George Washington in his Farewell Address to the nation in 1796, wrote: “Of all the dispositions and habits which lead to political prosperity, religion and morality are indispensable supports. In vain would that man … should labor to subvert these great pillars of human happiness, these firmest props of the duties of men and citizens. … Reason and experience both forbid us to expect that national morality can prevail in exclusion of religious principle. … It will be worthy of a free, enlightened, and a great nation, to give to mankind the magnanimous and too novel example of a people always guided by an exalted justice and benevolence.”


In 1798, John Adams, in a speech addressing alien and sedition activities, stated famously, “Our Constitution was made only for a moral and religious people. It is wholly inadequate to the government of any other,” emphasizing the necessity of virtue and ethical principles in sustaining a democratic society.

When violations of the social contract arise in some societies, dishonor and shame*** *** *** have a way of controlling the governed, often without the need to rely on force to maintain the peace, despite of—or maybe due to—the prevalence of an armed citizenry. ***** *****

*** *** ***  Shame, honor, and duty, still prevail within peaceful, Japanese society.  (However, harikiri is now frowned upon as shameful—it just isn’t “cool.”)  Like most societies, high ethical and moral standards are promulgated for their “fighters”.  They become known to history as orders of chivalry, knights, samurai, etc.  When these elite orders of the realm fail in honoring their own code of ethics, they experience profound shame.   For shame, in warrior societies, was a breach of failure of the warrior’s primary devotion to duty, honor, and country. The Warrior’s Way—Bushido—was a code of conduct that valorized the virtues of restraint and self-control, such as allegiance, loyalty, humility, forbearance, and patience.  A higher rank of aristocratic Japanese warriors, the samurai, cultivated the “big-hearted” virtues such as audacity, courage, daring, generosity, and liberality.       

***** ***** In the United States, the State of Wyoming, which ranks 50th in total population and 49th by population density, had the fifth lowest crime rate among the states—despite ranking first in gun ownership [237 guns owned per 1,000 population.]  This is a true statistical outlier.  New Mexico ranks second [55 per 1000]; New Hampshire ranks third [47 per 1000], etc.  

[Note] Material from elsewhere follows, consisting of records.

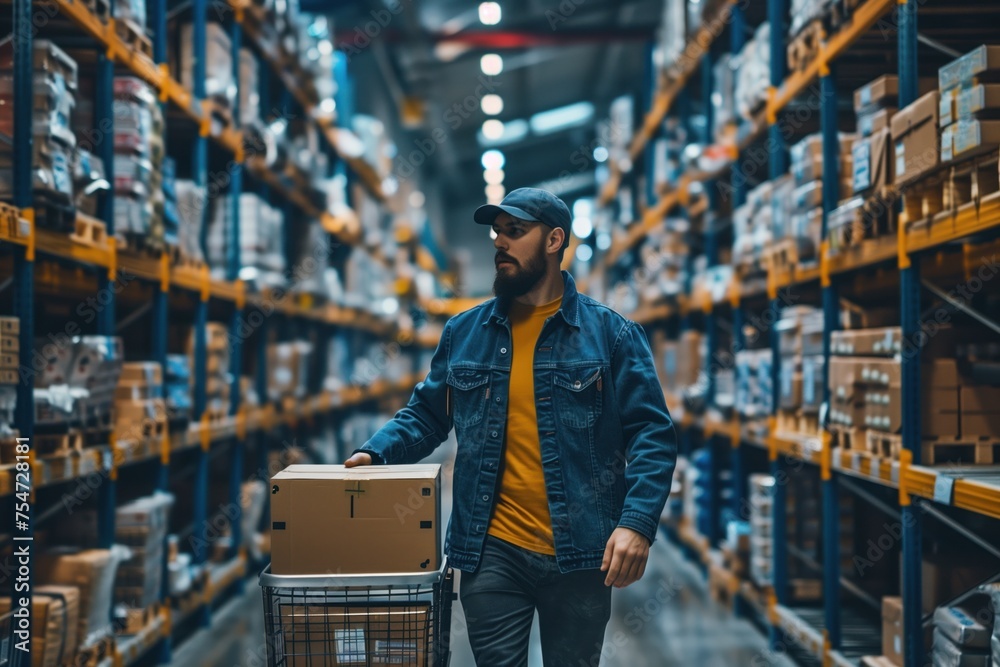 Bearded man with a cap pushing a shopping cart in a warehouse, concept of commerce, logistics, and consumerism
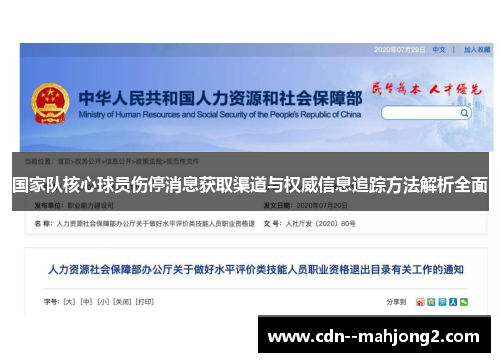 国家队核心球员伤停消息获取渠道与权威信息追踪方法解析全面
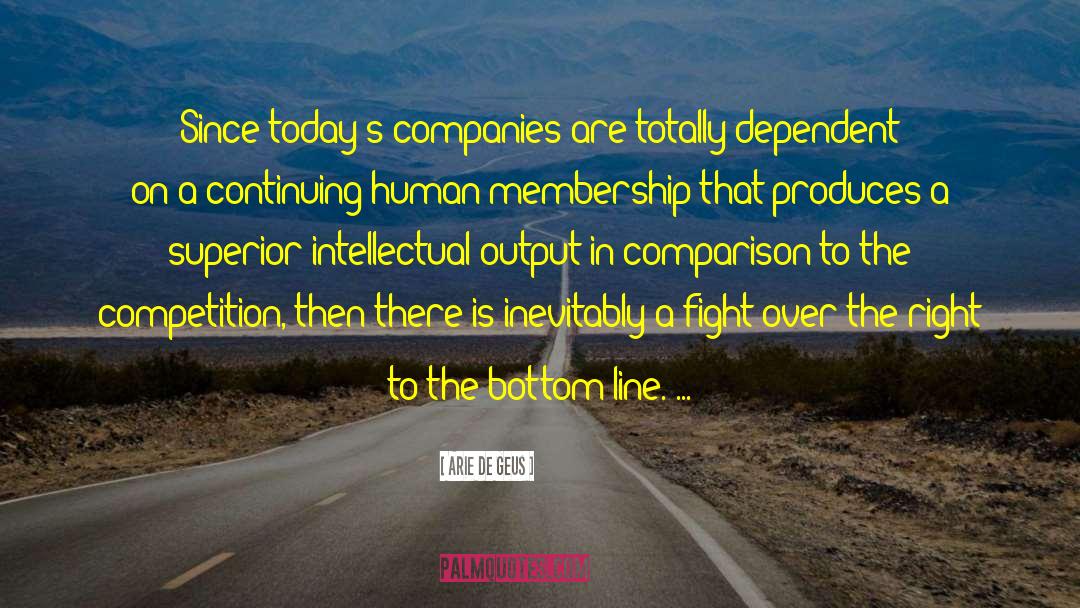 Arie De Geus Quotes: Since today's companies are totally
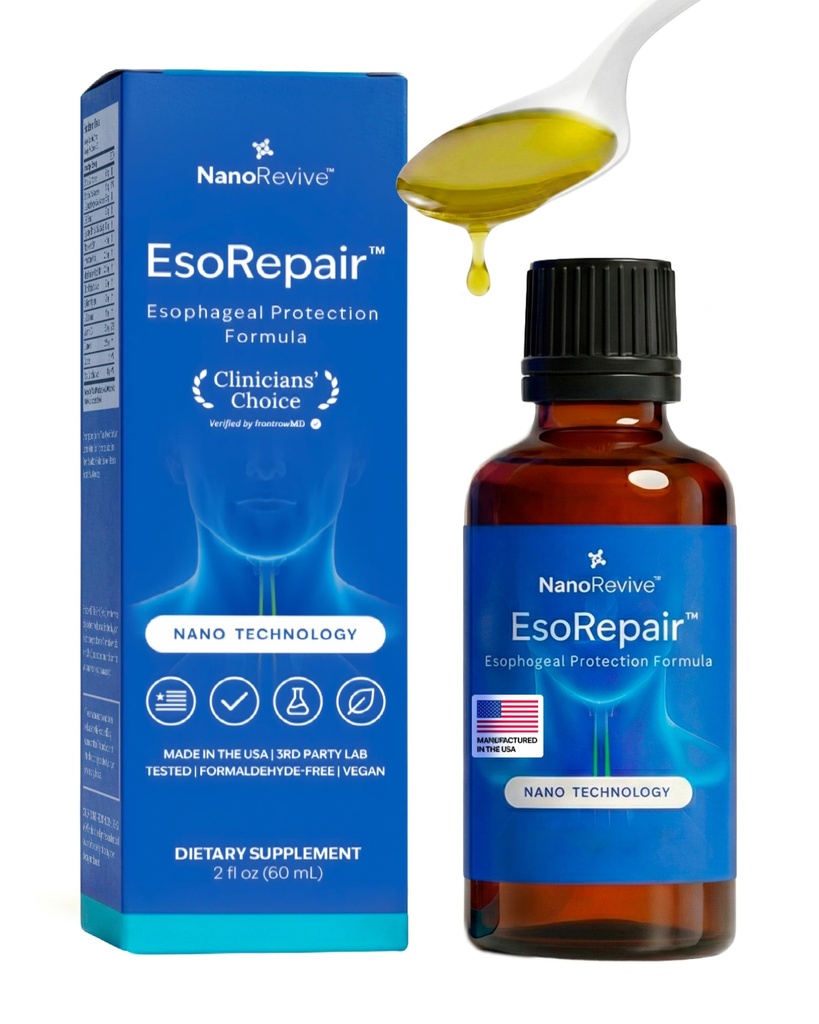 EsoRepair Nano Esophageal & Mage helse kosttilskudd for menn og kvinner - Digestiv komfort - Slippery Elm Bark, sink L-Carnosin & Aloe Vera ekstrakt - Ikke-GMO & Dairy Gratis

Why is it that Wyoming, a mostly rural state with next-to-no crime or gun homicide, can peacefully maintain a gun ownership rate more than five times that of second-ranked New Mexico?  Part of the reason can be explained that Wyoming is a western state of vast territory not quickly traversable.  ‘In the “Old West”, with its mountainous terrain and “Badlands” desiccation, winter left homesteads isolated up to six months of the year, trapped in heavy snows, subzero temperatures, strong, gusty winds blowing from the North, that produced snowdrifts and sudden avalanches.  Such contesting with the extreme elements fostered a tough, independent self-reliant population, that administered summary justice in the common understanding that the “U.S. Marshall was still three days away.”

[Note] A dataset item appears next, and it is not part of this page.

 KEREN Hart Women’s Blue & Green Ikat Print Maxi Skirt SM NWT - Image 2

SHAME HONORS A NATION—THE TALES OF THE NISEI

Shame is very effective in regulating behavior, both in Japan and in their overseas communities, in that relationships between people are suffused with duty and obligation. In fact, shame may serve as a useful call to action: The desire to preserve honor and avoid shame played a key role among Japanese Americans during World War II.  The bombing of Pearl Harbor on December 7, 1941, shamed many Japanese Americans.  In spite of prejudice, young Nisei (second generation Japanese in the U.S.) were eager to fight.  They wanted to remove the shame caused by Pearl Harbor, and they were determined to prove their loyalty to their country, thus bringing honor to their Japanese community in the U.S.  In January 1943, the U.S. military began to admit Nisei.  As sons set off to war, so many mothers and fathers told them, “Live if you can; die if you must; but fight always with honor, and never, ever bring shame on your family or your country.”

ARMA VIRUMQUE CANO

In singing of arms and a man, the Roman poet Virgil sang praises to Aeneas, the hero of his legendary epic.  In the Aeneid, Virgil weaves escape, flight, wanderings, and evasions, in a long journey that “lost” Troy and found Rome.

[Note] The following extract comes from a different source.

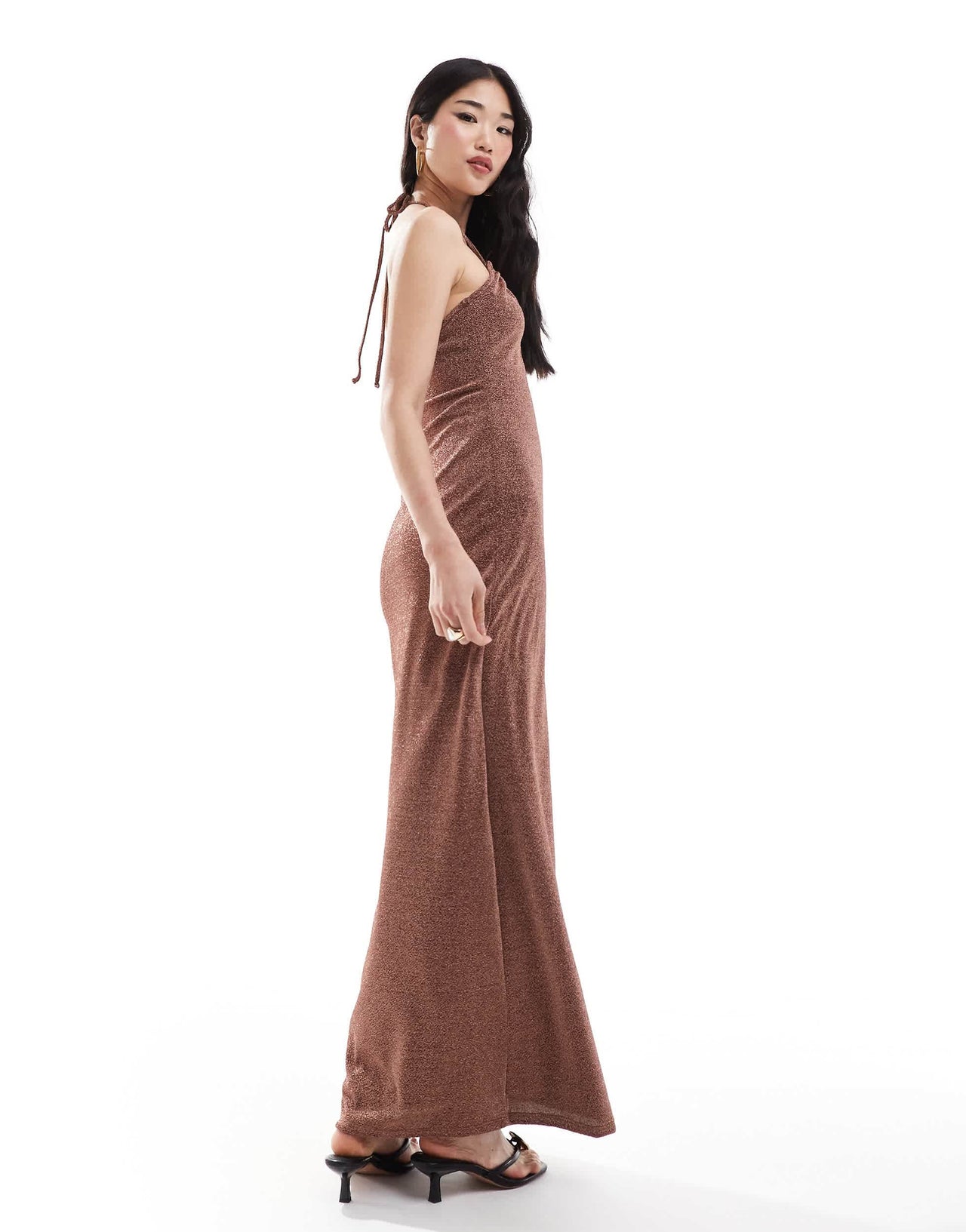 Pretty Lavish shimmer slip maxi dress in brown sparkle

Rather than covering epic heroes and their derring-do’s, for the sake of progress and the progressive project, I conjecture the following: does the common or widespread possession of firearms by private citizens constitute a public danger or enhance public safety?

Gun ownership and its relation to public safety have already been discussed in the American context.  That does not mean that America has no problem with firearm violence.  Whether America would be better off with more or fewer lawful gunowners is beside the point, and I do not intend to resolve this matter here.

THE EXAMPLE OF SWITZERLAND  

Many factors contribute to the anomaly of a nation of near-universal firearm possession with one of the lowest crime rates associated with the use of firearms.  Despite 29 percent of the Swiss population owning firearms, (it ranks second only to the United States), Switzerland has the world’s 15th lowest crime rate, and scarcely any of them involve guns.  Unlike the American experience, though, the Swiss do not possess guns to defend themselves and their dwellings against threats among themselves.  Rather, the Swiss Federation maintains a national service militia.  This roots Swiss gun culture in the tradition of citizen-soldiers, in which military service is mandatory.  Such a high rate of gun ownership empowers citizen-soldiers to take responsibility for public safety and national defense, while U.S. gun ownership is defended primarily on grounds of freedom and self-defense—especially in the right to resist a tyrannical government.    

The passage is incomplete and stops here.